Treatment of shortfall in the event of insolvency
For ISAs, the whole of any shortfall on that ISA would be attributable to the client for whom the account is held. However, that client would not be exposed to any shortfalls on other accounts.
In the case of an OSA, the shortfall would be shared among the clients with an interest in the securities held in the OSA. Therefore, a client may be exposed to a shortfall even where securities have been lost in circumstances which are completely unrelated to that client.
The risk of a shortfall arising is, however, mitigated as a result of our obligation under the CASS Rules in certain situations to set aside our own cash or securities to cover shortfalls.
If a shortfall was not covered by us in accordance with the CASS Rules, then clients may have a claim against us. If we were to become insolvent prior to covering a shortfall, clients would rank as general unsecured creditors for any amounts owing to them in connection with such a claim. In these circumstances, clients would be exposed to the risk of loss on our insolvency, including the risk that they may not be able to recover all or part of any amounts claimed. If securities were held in an ISA, the entire loss would be borne by the client for whom the relevant account was held. If securities were held in an OSA, the loss would be allocated between the clients with an interest in that account.
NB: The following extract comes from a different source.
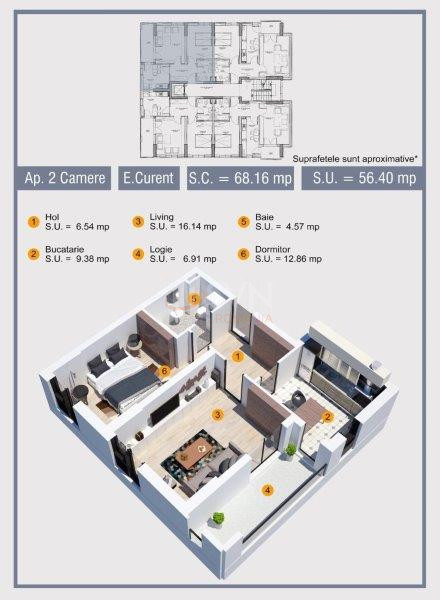 Apartament, 2 camere Bucuresti/Giulesti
Any shortfall in a particular security held in an OSA would be allocated among all clients with an interest in that security in the account. It is likely that this allocation would be made rateably between the relevant clients in the OSA. It may be a time consuming process to confirm each client’s entitlement. This could give rise to delays in returning securities and initial uncertainty for a client as to its actual entitlement on an insolvency. Ascertaining clients’ entitlements could also give rise to the expense of litigation, which could be paid out of clients’ securities.
3.3 Security interests
Security interest granted to a third party
Where a client purported to grant a security interest over its interest in securities held in an OSA and the security interest was asserted against the CSD with which the relevant account is held, there could be a delay in the return of securities to all clients holding securities in the relevant account and a possible shortfall in the account.
In practice, we would expect that the beneficiary of a security interest over a client’s securities would perfect its security by notifying us rather than the relevant CSD and would seek to enforce the security against us rather than against such CSD, with which it had no relationship. We would also expect CSDs to refuse to recognise a claim asserted by anyone other than ourselves (or our nominee) as the account holder.
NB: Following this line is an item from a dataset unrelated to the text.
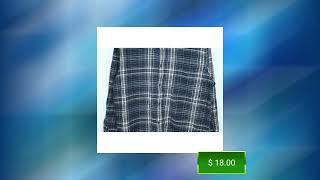 St John s Bay Men s L Black Tartan Plaid Pattern Long Sleeve Button-ups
Security interest granted to CSD
Where a CSD benefits from a security interest over securities held for a client, there could be a delay in the return of securities to a client (and a possible shortfall) in the event that we failed to satisfy our obligations to the CSD and the security interest was enforced. This applies whether the securities are held in an ISA or an OSA. However, in practice, we would expect that a CSD would first seek recourse to any securities held in our own (or our nominee’s) proprietary accounts to satisfy our obligations and only then make use of securities in client accounts.
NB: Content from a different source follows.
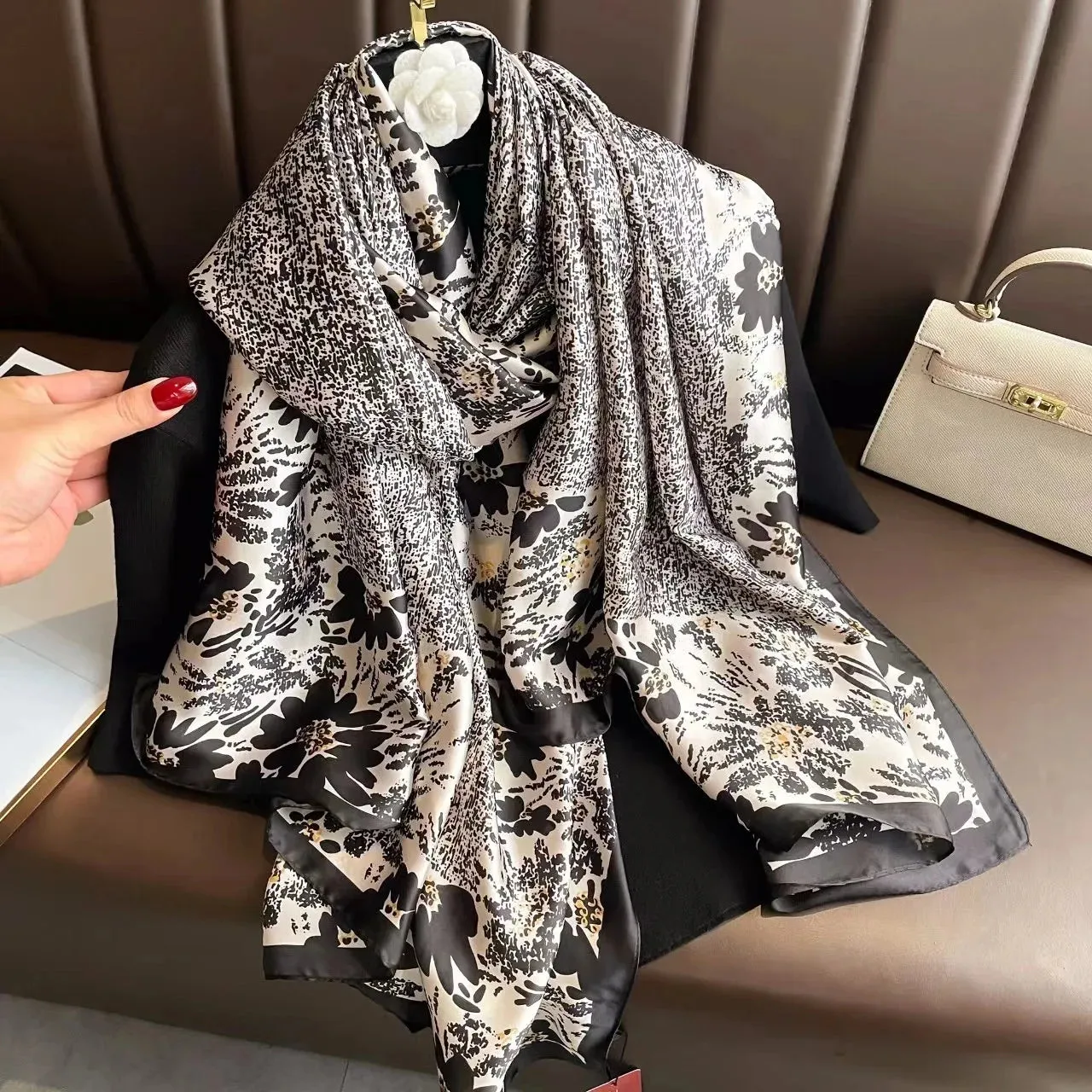 180x90 Cm Large Silk Soft Scarf Stylish Print Elegant Wrap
4. BENEFITS AND DISADVANTAGES OF DIFFERENT ACCOUNTS
The main benefit of an ISA is that all of a client's settlement instructions are processed by the CSD in a dedicated account and separately from the settlement of instructions of other clients.
However, as discussed above, an ISA is more costly than an OSA. Although an ISA is often seen as a way to protect a client's assets from misuse, the primary protection of a client's assets is handled by the custodian rather than the CSD. It is the custodian which is given access rights and manages settlement instructions.